Zitat von: MrMagoo in 2004-12-30, 16:15:23
Im Spanischen: Imperfecto (=Präteritum), Pretérito Perfecto (=Aorist)

nicht: pretérito indefinido (=Aorist)?
Das Leben strebt mit Urgewalt nach Entstehung und Musik.

Kilian

Zitat von: gehabt gehabt in 2004-12-30, 13:56:05Wie kriegst du eigentlich die Akzente auf das i und das o. ich nehme an deine Oesterreichische Tastatur (gibt´s sowas?) hat das nicht eingebaut.

Der/die kompromisslose Schreiber/in im Ausland lernt ohnehin die für ihn/sie wichtigen Teile der erweiterten ASCII-Tabelle (zu finden unten auf http://www.asciitable.com) auswendig und schreibt dann zum Beispiel das ö, indem er/sie die Alt-Taste gedrückt hält und währenddessen rechts im Zahlenblock 148 eintippt. So habe ich's grundsätzlich gemacht, als ich mal länger in England war. Und ich würde es wieder tun. ;D

MrMagoo

Zitat von: amarillo in 2004-12-30, 17:15:17
Zitat von: MrMagoo in 2004-12-30, 16:15:23
Im Spanischen: Imperfecto (=Präteritum), Pretérito Perfecto (=Aorist)
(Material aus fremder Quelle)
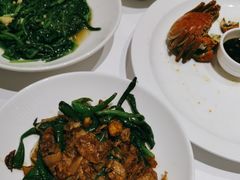 -鱼鲜饭香·招牌汽锅剁椒鱼头王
nicht: pretérito indefinido (=Aorist)?

Ja, das ist wohl dasselbe nur unter einem anderen Namen.
Wâ mag ich mich nu vinden? wâ mac ich mich nu suochen, wâ? nu bin ich hie und bin ouch dâ und enbin doch weder dâ noch hie. wer wart ouch sus verirret ie? wer wart ie sus zerteilet mê?